After finishing her Antarctic adventures for this season, Bark Europa is now ready to set sail along the southern Chilean Patagonia, Chilean Channels, the Chilean coast to Talcahuano, Easter Island, and then venture into the Pacific Ocean.
In the past a small city, Ushuaia nowadays has grown and become the main hub for Antarctic expeditions. An increasing number of ships use this port and its facilities. Vessels are becoming more numerous and larger, all of them offering different sorts of Antarctic experiences.
Moored alongside in the busy port, the Europa spends about three days preparing her new voyage, now heading north once her Antarctic trips for this season are over. Supplies, water, and fuel are bunkered. Below decks, her cabins and common spaces are cleaned and readied. Aloft there’s always work to do and ongoing maintenance. A changeover of some crew members is also due.
Her riveted hull is over 100 years old and has seen many sailing adventures around the world, including the southern high latitudes and Patagonia.
The last time she sailed the expanse of the Pacific Ocean in the tropical and subtropical latitudes, was in 2002. On that occasion, the voyage brought her mostly north of the Equator. This year, we all start in Ushuaia, a trip that eventually will bring her to the start of the crossing of the South Pacific.
But first things first. Her expedition starts down south in Patagonia. An area first inhabited by the native population from about 10.000 years ago.
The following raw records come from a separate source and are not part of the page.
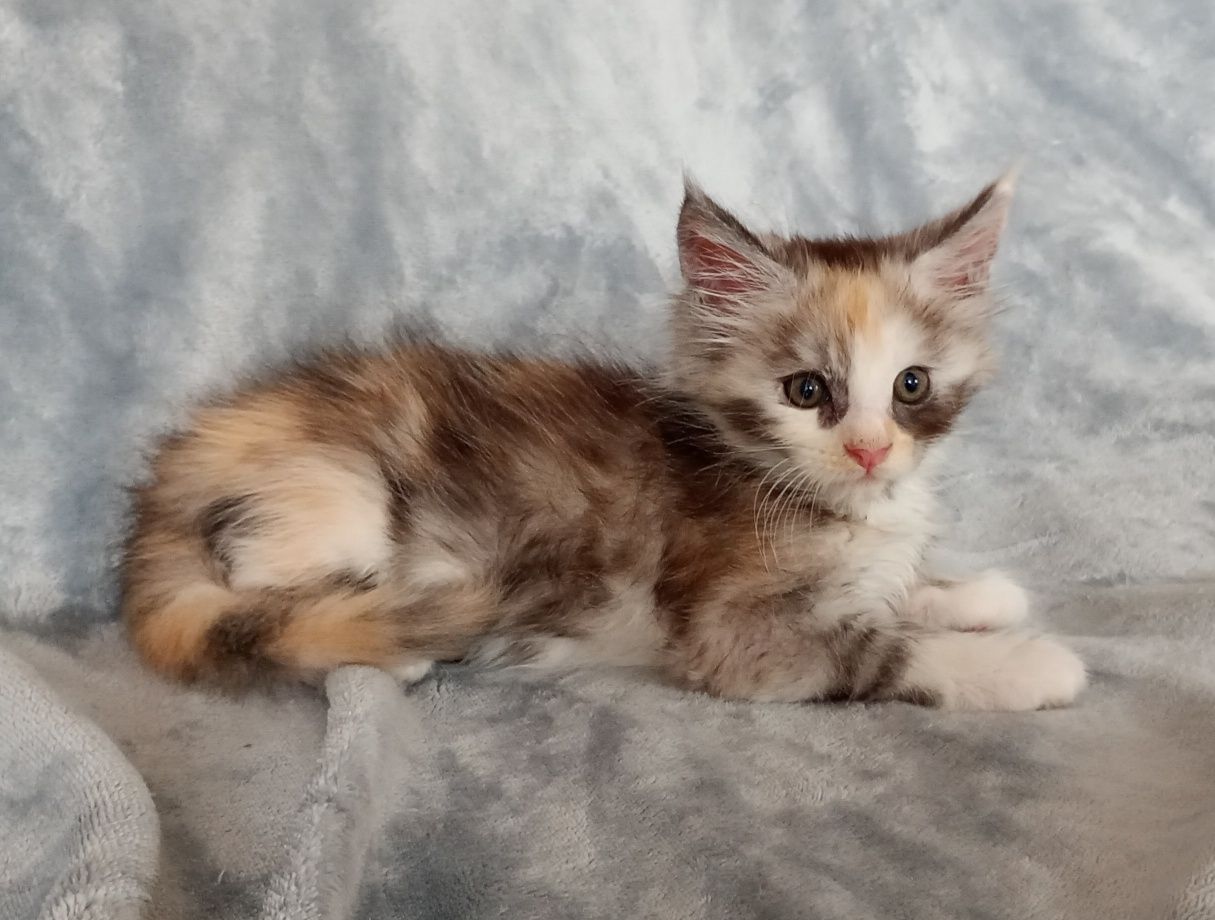 Kotka Maine coon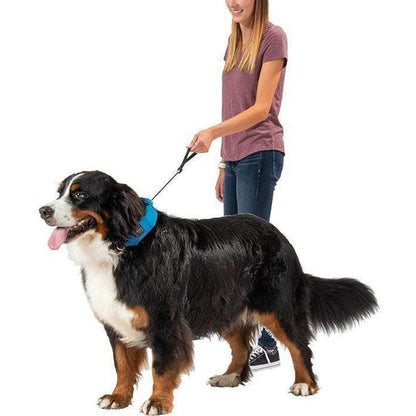 Nite Ize Raddog All-in-one Collar + Leash Outdoor Dogs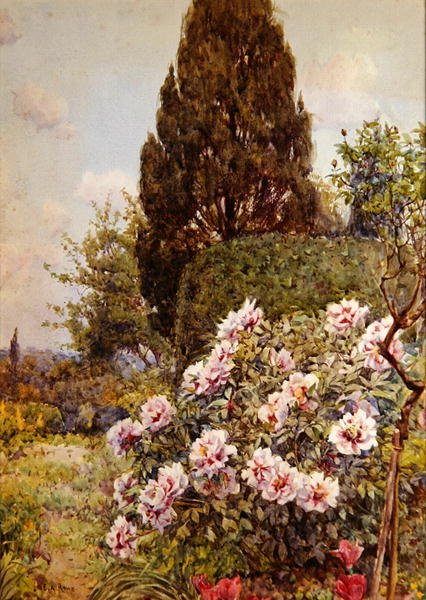 Peonies, Coddington, perto de Ledbury (lápis e aguarela sobre papel) de Ernest Arthur Rowe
The area was not discovered by the Europeans until the 16th Century, when Fernando de Magallanes sailed through the straits that nowadays bear his name, and the 19th Century afterward when Captain Fitz Roy found a more southern connection between the Atlantic and Pacific Oceans along the Beagle Channel.
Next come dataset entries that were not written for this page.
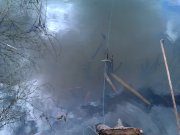 IMAG0166.jpg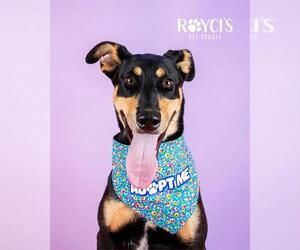 LULA - Female Doberman Pinscher-Unknown Mix Dog for Adoption - Photo #2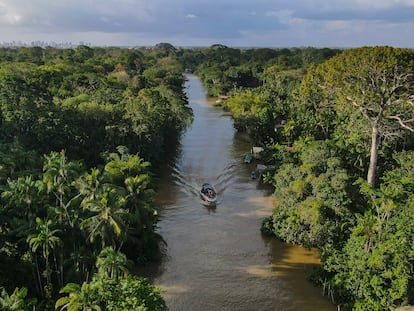 Fotografía aérea de un bote navegando por un río en una zona de la floresta Amazónica, en agosto de 2023, en el estado de Pará, norte de Brasil.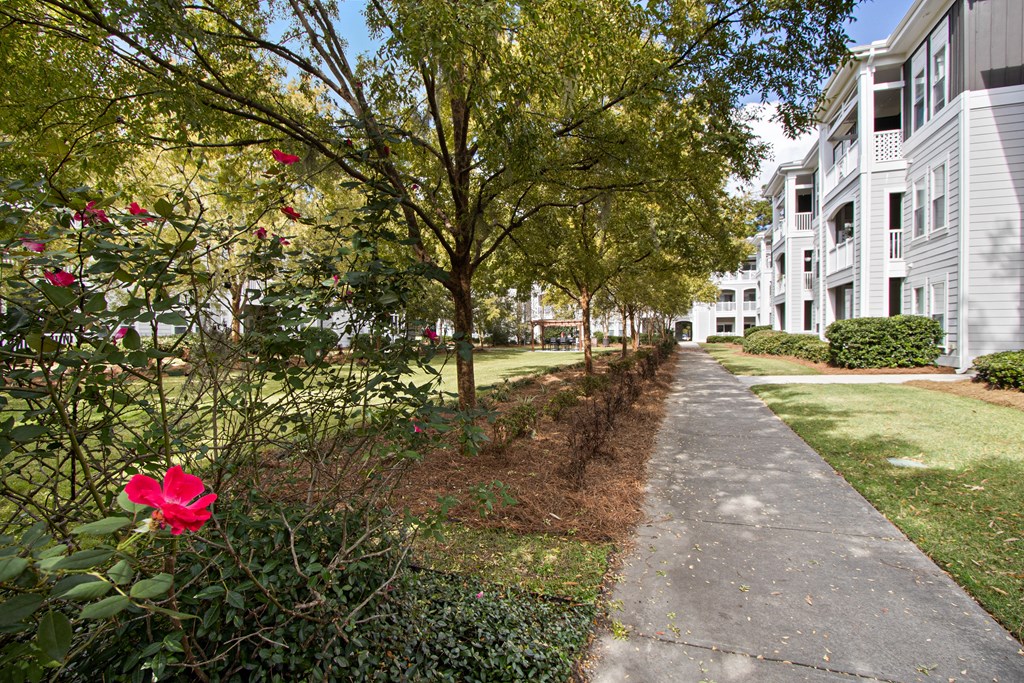 sidewalk in front of apartment buildings with trees and a red flower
Both in trips that went around the world, enduring hardships and adventures, uncharted and new territories that don’t have much to do with today’s extent of our knowledge of the area, the technology we use, and the levels of safety on which the ship operates.
Even so, the sole mention of these places still stimulates our imagination and attraction. They bring to our mind ideas of adversity and difficulties in the navigation of narrow channels and fjords. Harsh scenery of battered coastlines, the southernmost forests of the world covering the slopes, high mountains, and glaciers.
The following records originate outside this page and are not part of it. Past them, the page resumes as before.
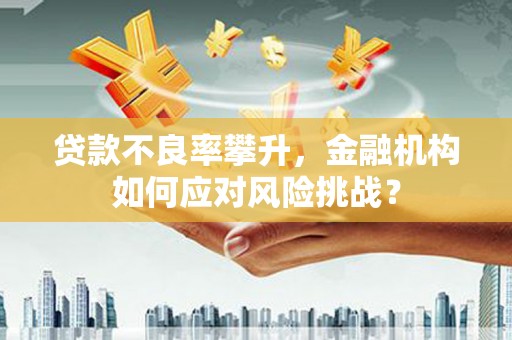 新店贷款不良率攀升，金融机构如何应对风险挑战？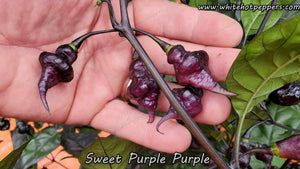 Sweet Purple (Purple) - Pepper Seeds - White Hot Peppers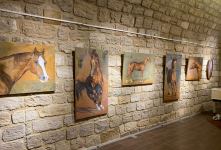 Из Латвии в Азербайджан на Карабахских скакунах (ФОТО/ВИДЕО)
During the few days in port, the plans for the trip are laid out as well. But the conditions to be found out there along channels and open waters too, the winds, currents, and swells, will decide the progress and itinerary. A route roughly programmed to bring us to Navarino island first, then along the Beagle Channel to Caleta Olla, and the several glaciers that fall from the heights of Cordillera Darwin. From there it is on our mind to visit the largest fjord system in Magellan Straits, Seno Almirantazgo. The capital city of Chile Patagonia, Punta Arenas will come afterward before sailing along the Southern Chilean fjords to Chiloe Island, and from there to Talcahuano on the open waters along the Chilean Coast.